◆ Instructions for the task ◆
Each line below is to be repeated exactly; any picture is to be left out.

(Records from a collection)
· · · ·
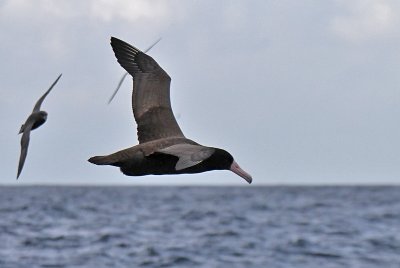 Short-tailed Albatross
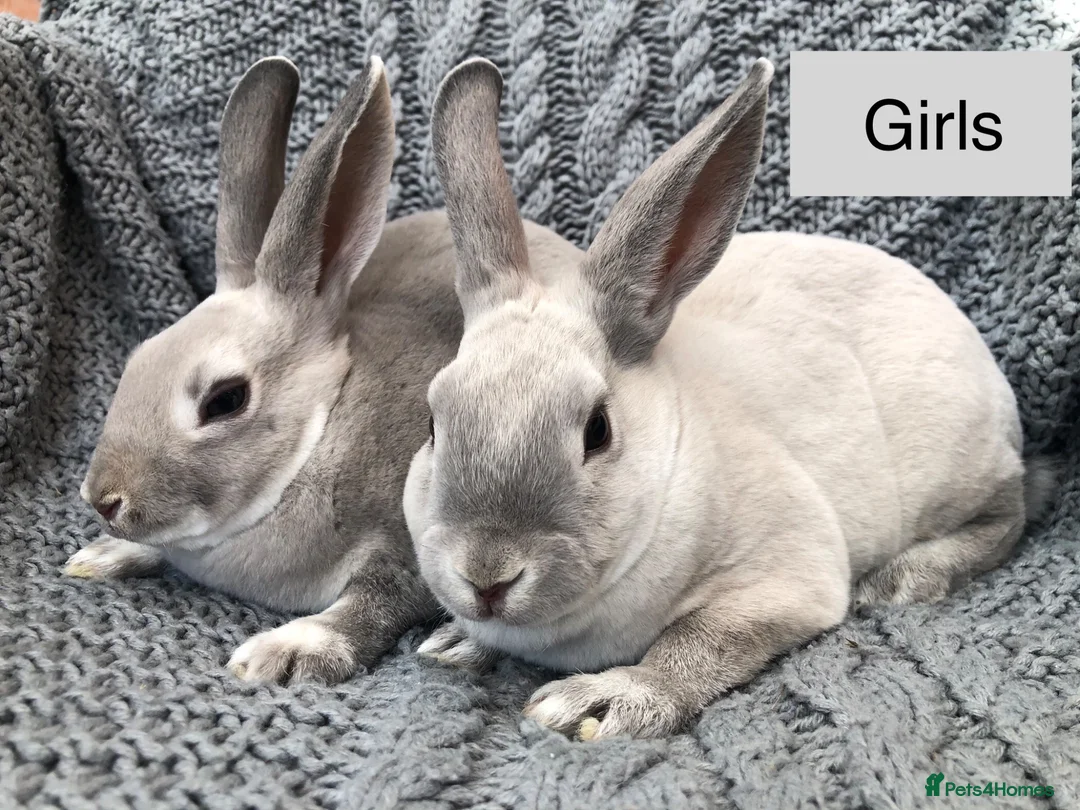 Rex rabbits for sale: Pure breed velvet mini and standard Rex rabbits - Advert 1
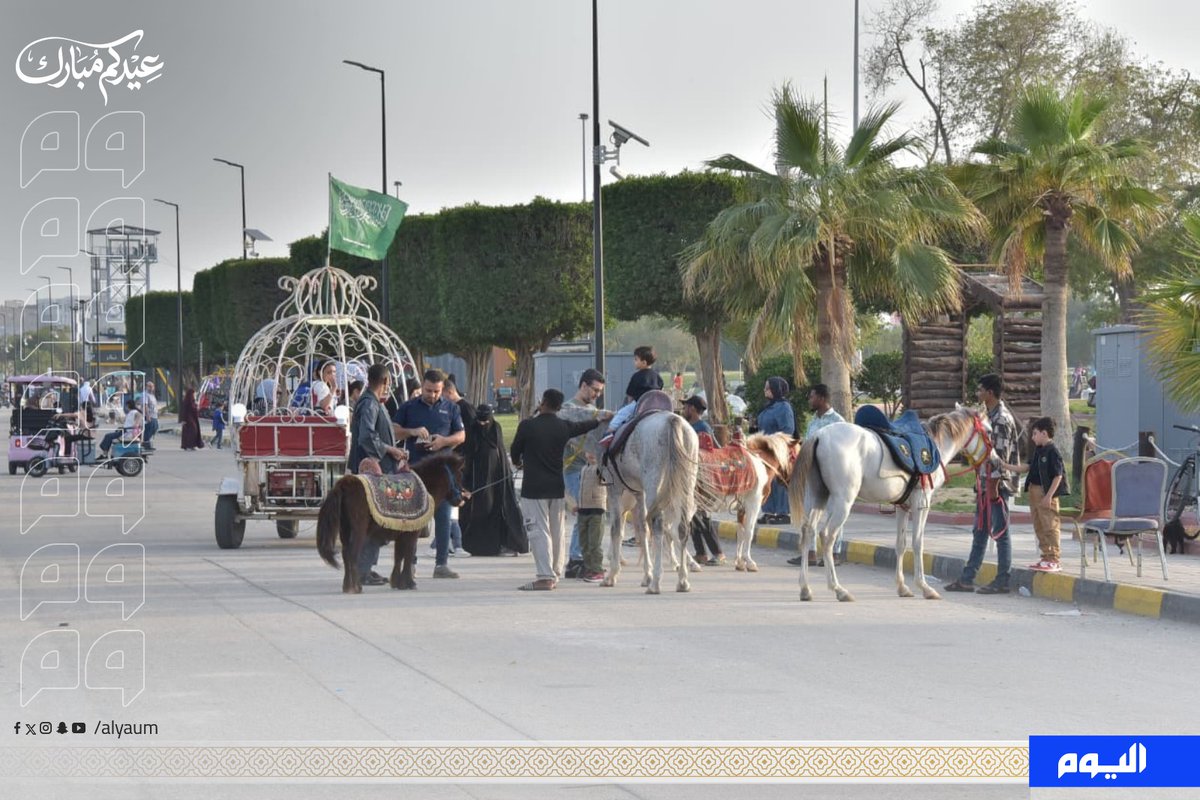 صحيفة اليوم tweet media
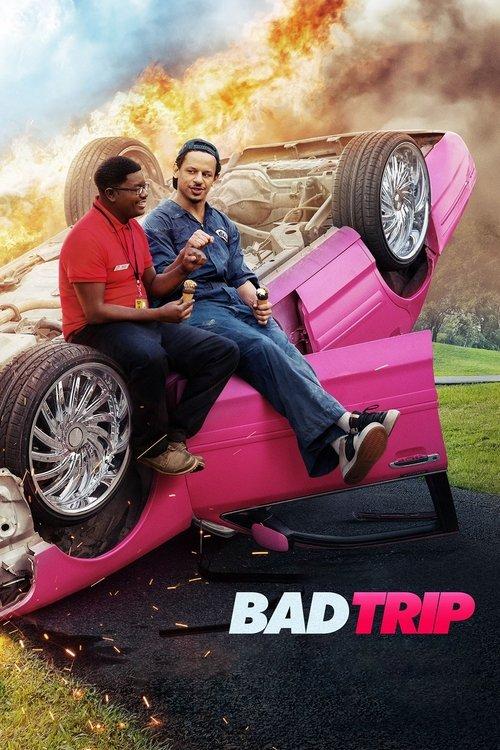 Bad Trip: ทริปป่วนคู่อำ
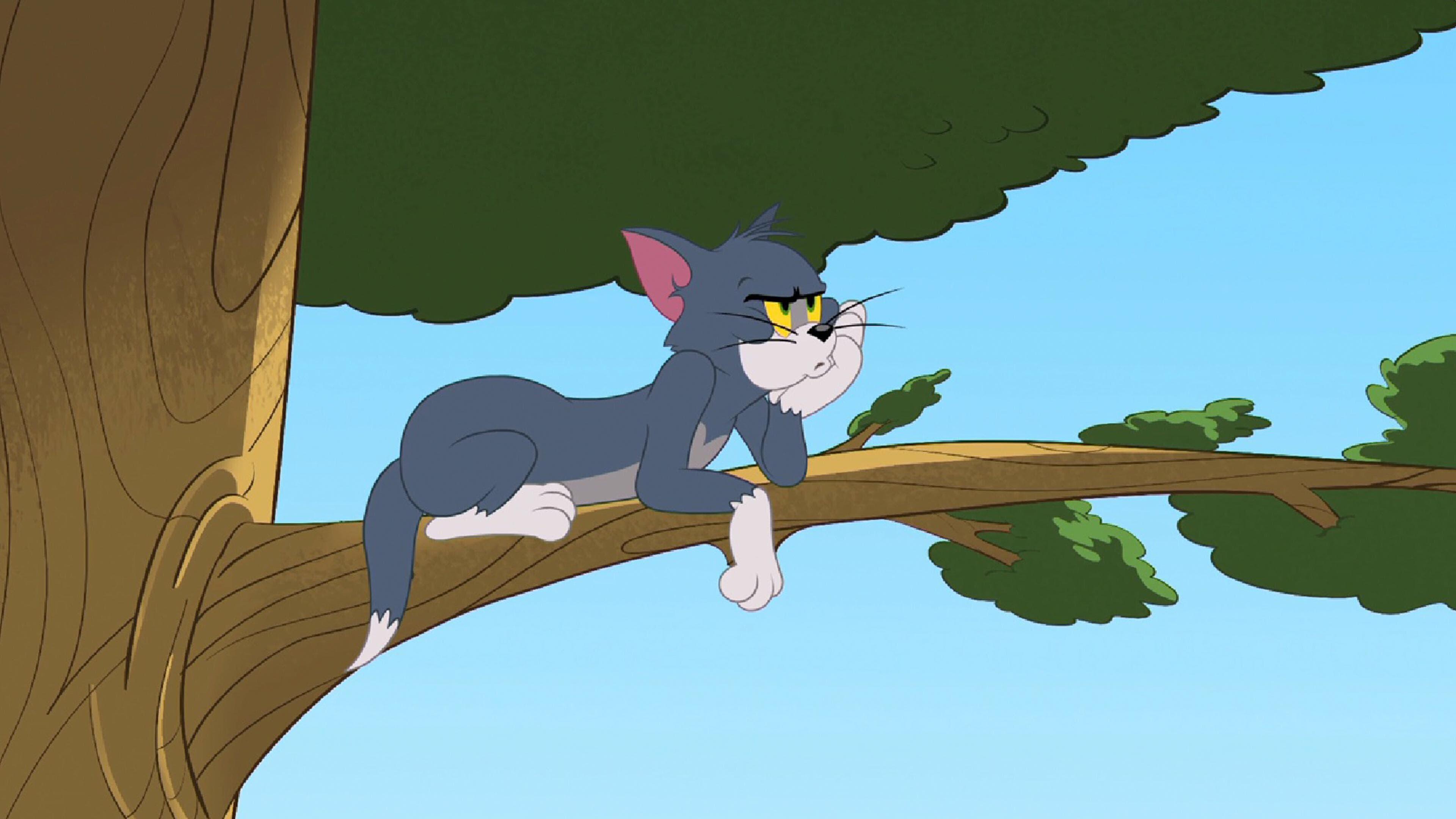 Die Tom und Jerry Show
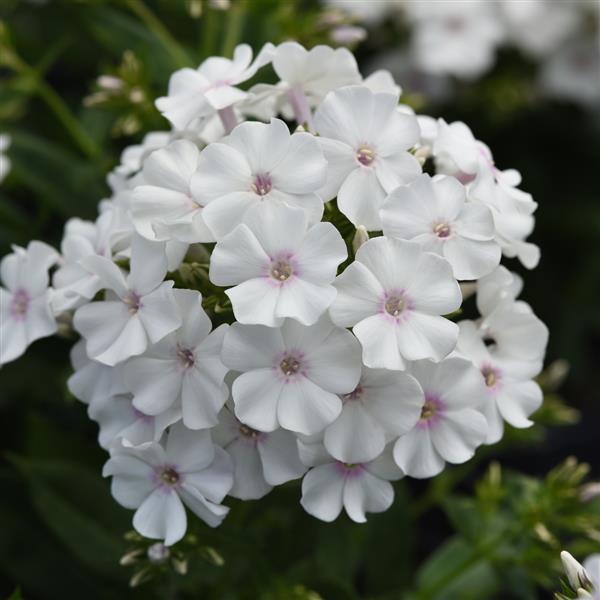 Phlox | Garden Seedling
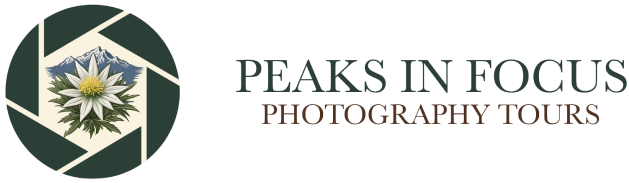 Peaks in Focus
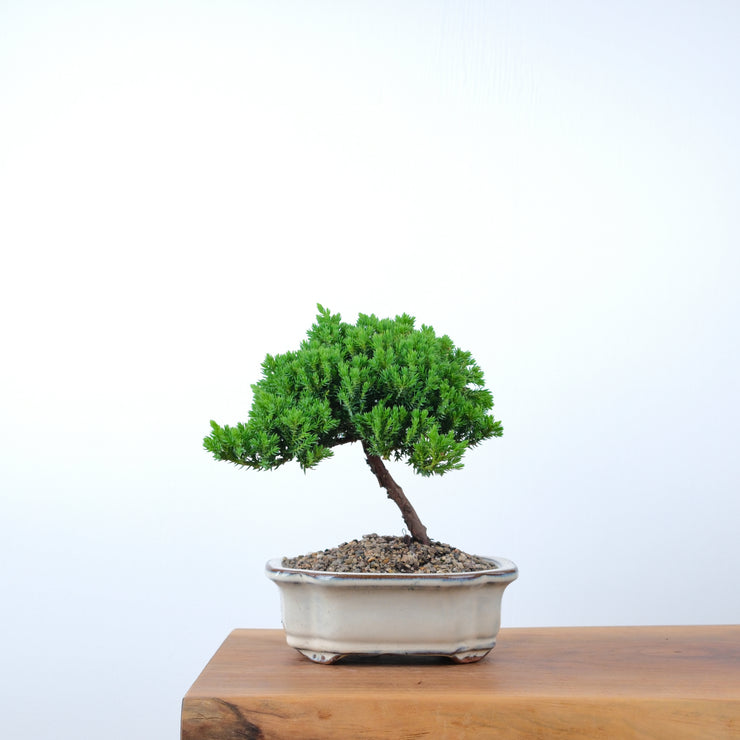 Japanese Juniper-Simply Bonsai-[Bonsai NZ]-[Buy bonsai NZ]-[Bonsai Tree NZ]-Simply Bonsai NZ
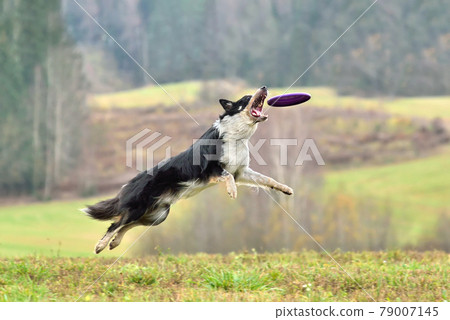 Border collie on frisbee training 79007145
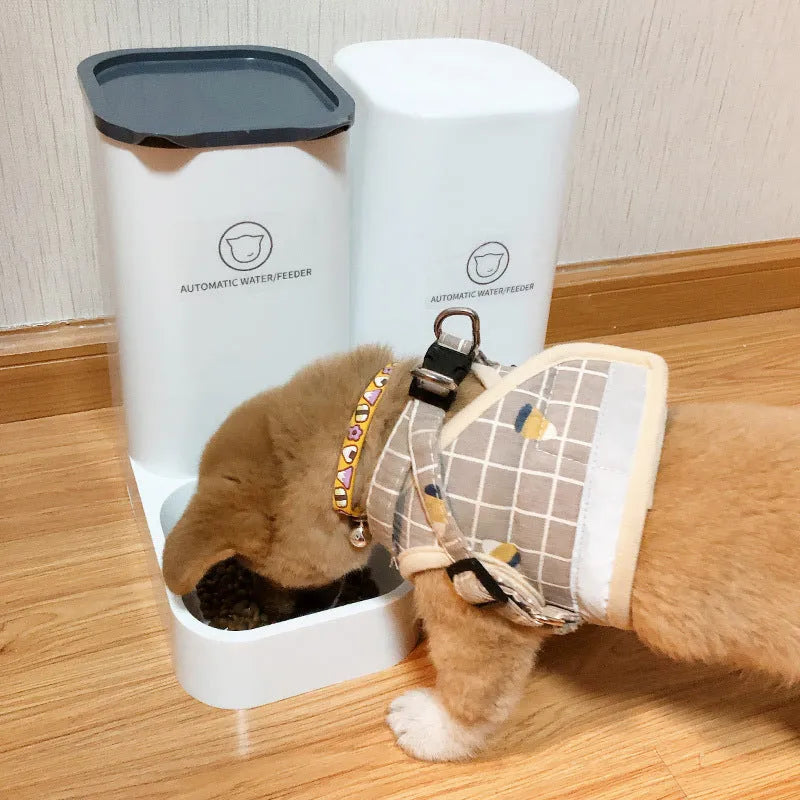 Automatic feeding artifact for cats and dogs made from PP plastic with 3.8L capacity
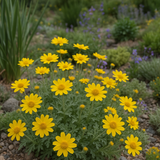 ERIOPHYLLUM lanatum (Oregon Sunshine)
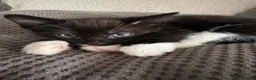 Mixed Breed cats for sale: Main coon X British short hair kittens  in Chessington - Advert 12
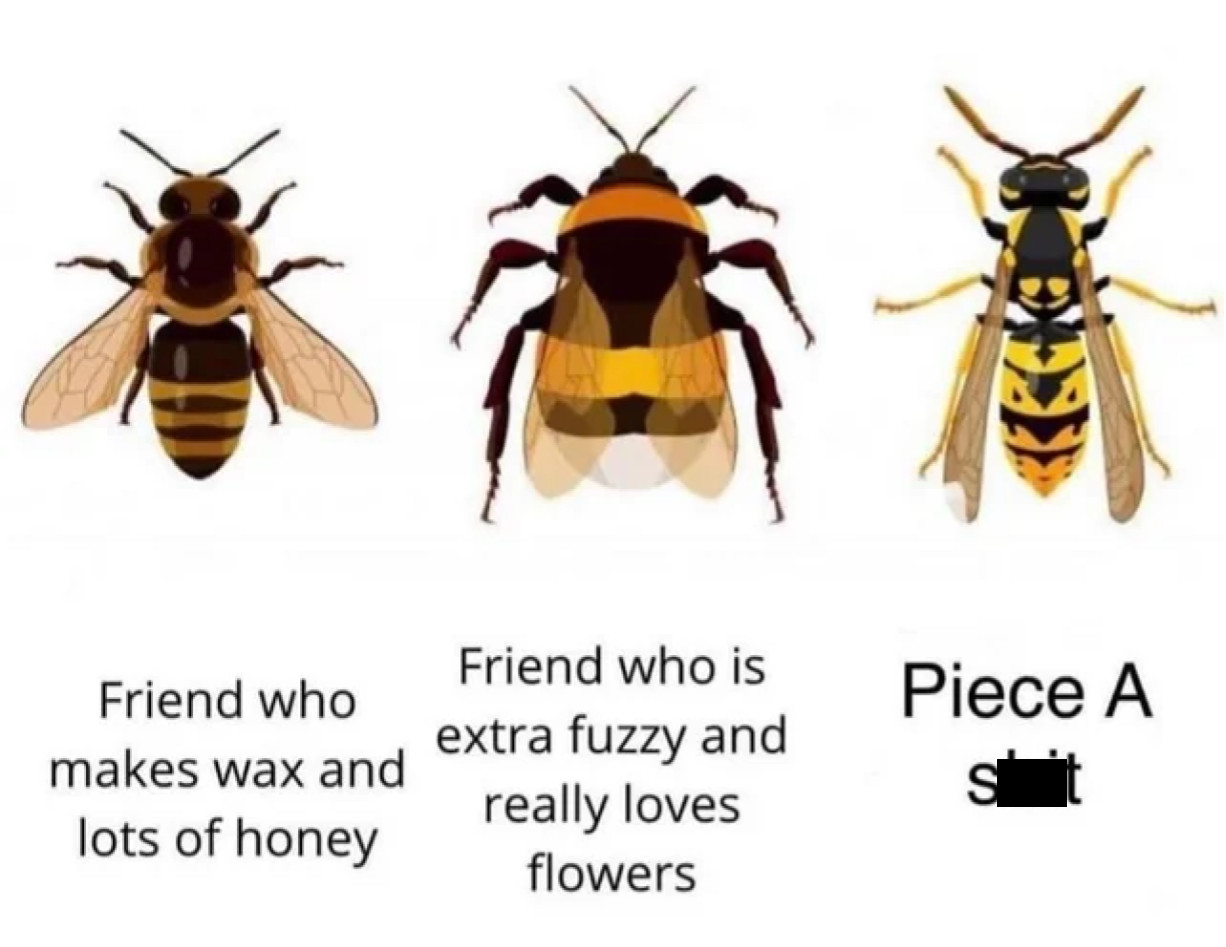 Wasp Vs Bee Meme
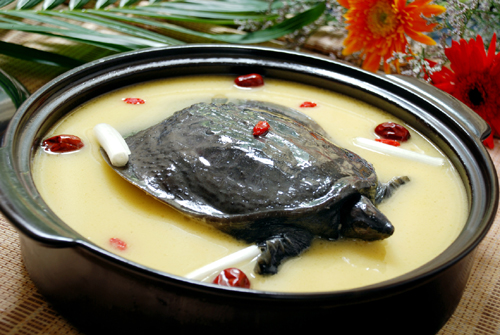 甲魚補腎湯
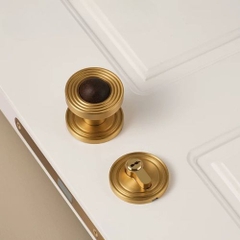 Tay nắm cửa gỗ, khóa cửa phân thể đồng thau cao cấp DR007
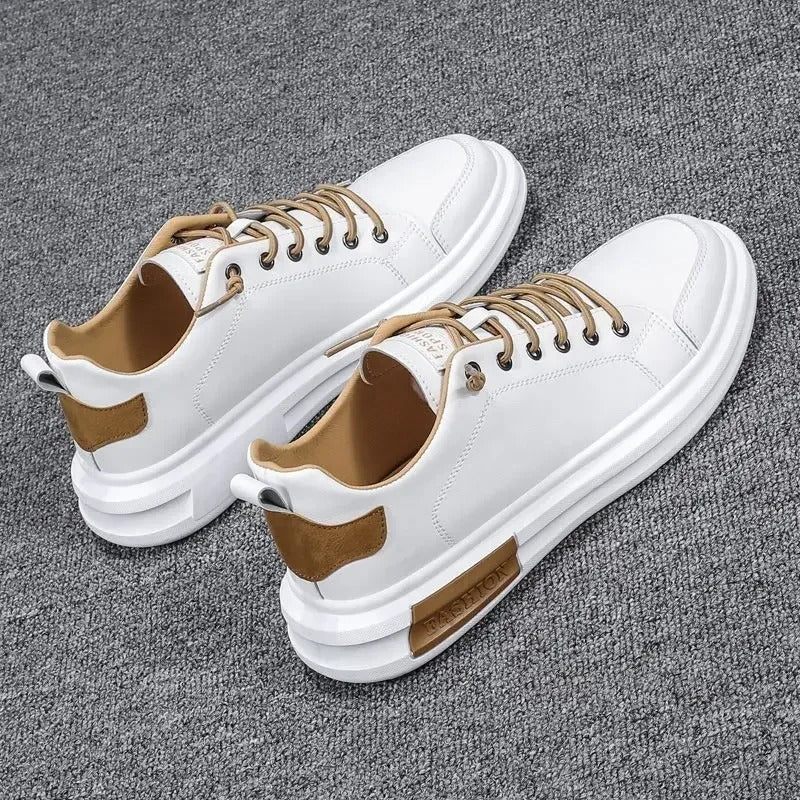 Nuevos Tenis Michell Casuales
· · · ·
◆ Finished exercise ◆
 Short-tailed Albatross
 Rex rabbits for sale: Pure breed velvet mini and standard Rex rabbits - Advert 1
 صحيفة اليوم tweet media
 Bad Trip: ทริปป่วนคู่อำ
 Die Tom und Jerry Show
 Phlox | Garden Seedling
 Peaks in Focus
 Japanese Juniper-Simply Bonsai-[Bonsai NZ]-[Buy bonsai NZ]-[Bonsai Tree NZ]-Simply Bonsai NZ
 Border collie on frisbee training 79007145
 Automatic feeding artifact for cats and dogs made from PP plastic with 3.8L capacity
 ERIOPHYLLUM lanatum (Oregon Sunshine)
 Mixed Breed cats for sale: Main coon X British short hair kittens  in Chessington - Advert 12
 Wasp Vs Bee Meme
 甲魚補腎湯
 Tay nắm cửa gỗ, khóa cửa phân thể đồng thau cao cấp DR007
 Nuevos Tenis Michell Casuales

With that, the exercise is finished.